For Smith, he doesn’t anticipate any collection increases in the coming year.  He said on a macro basis, he doesn’t see indications that the general economic situation is getting better so that people will have an easier time to make payments.

He also reported on cash balance available for operations will be about $670,000 at the end of fiscal year 2012. “We will have about $3 million in the loan fund, which may or may not be committed for the SSBCI program,” he said.

Camacho, meanwhile, reported that they have made headways in clearing some obstacles with regard to debt relief including probate issues.

“We could push and move in a stipulated or consent judgment where 2 percent is also incorporated. We can have a court-ordered 2 percent rather than 9 percent, stretching it up to 30 years to reduce monthly payments but we cannot set aside accrued interest.”

Camacho said the debt relief program has a different statement compared to accounts under court judgment.

“If they fail to pay in 120 days, it is already a consent judgment then we could move to foreclosures,” he said.

Camacho said four accounts are in this situation.

As collection projection appears bleak for the coming fiscal year, Tomokane said, “We need to look at this seriously.
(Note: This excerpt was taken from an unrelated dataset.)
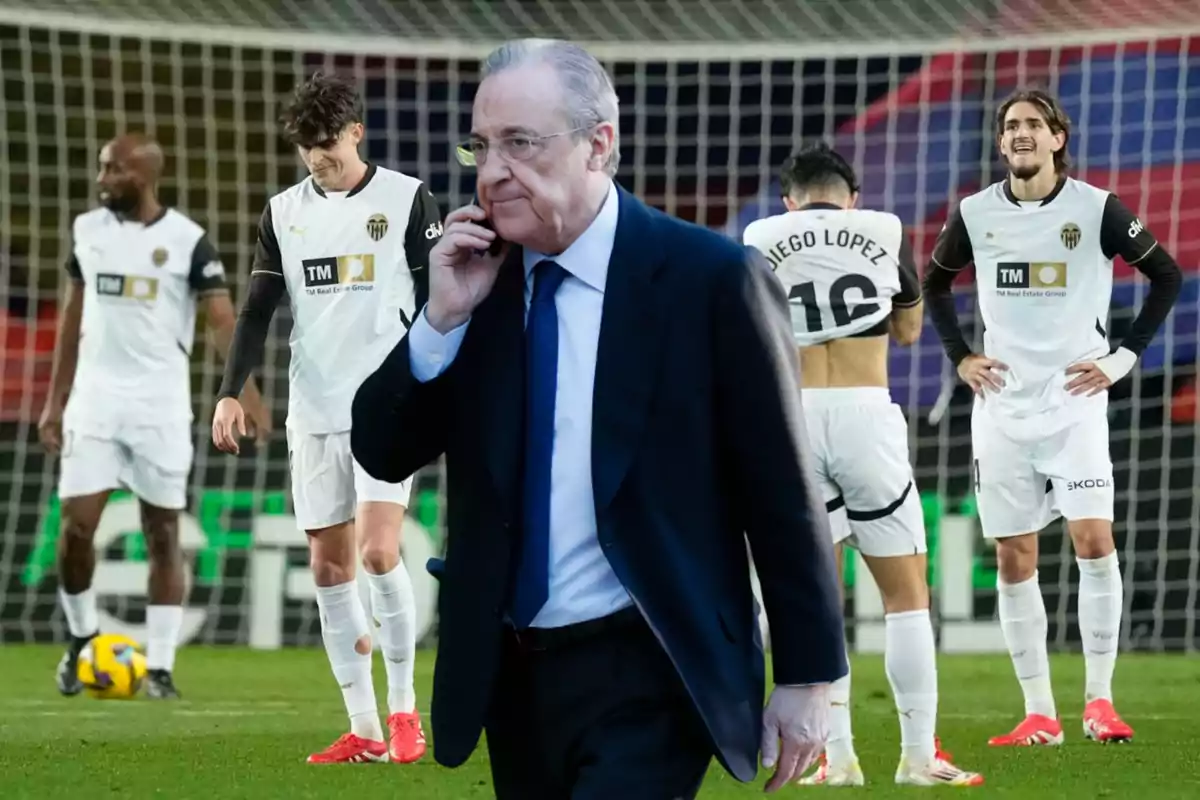 Un hombre de traje hablando por teléfono frente a un grupo de futbolistas con uniformes blancos en un campo de fútbol.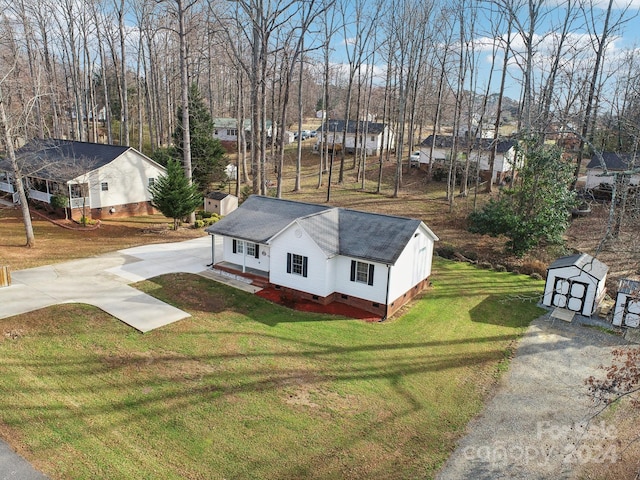 exterior space featuring a front yard and a storage shed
By next year, if we don’t push for collections…then we will have to make a drastic decision sooner or later. We will have to review the agency’s financial portfolio every quarter now.”

Chairman Pedro Itibus inquired on the need to involve the court, to which Camacho responded that some borrowers are reluctant to come in and get into the debt relief program.

“We offered them 2 percent and they are still not willing to go into that,” he said.

But once the court orders them to pay, the borrowers, Camacho said, would start making payments and would do so religiously.

He also said the board had to contend with probate issues.

Revoked

In an email, CDA also confirmed the revocation of Tinian Dynasty’s qualifying certificate.

CDA’s economic development analyst Carline B. Sablan told Variety, “In early September, Acting Governor Eloy S. Inos approved of CDA’s recommendation to revoke Qualifying Certificate No. QC 2002-01 issued to Hong Kong Entertainment (Overseas) Investment, Limited.”

The CDA board, in an executive session during its Aug. 11 board meeting decided to recommend to Gov. Benigno R. Fitial to revoke the hotel-casino’s qualifying certificate that had expired on Aug. 7.

The governor had not acted on a previous recommendation that CDA made to revoke the said QC certificate that kept it active until Aug. 7.

The hotel was cited for non-compliance with tax issues, environmental concerns, and violation of the American Disabilities Act.

In June, the hotel was reported to have amassed $30 million in tax debts to the CNMI government, which will likely increase with the revocation of the certificate.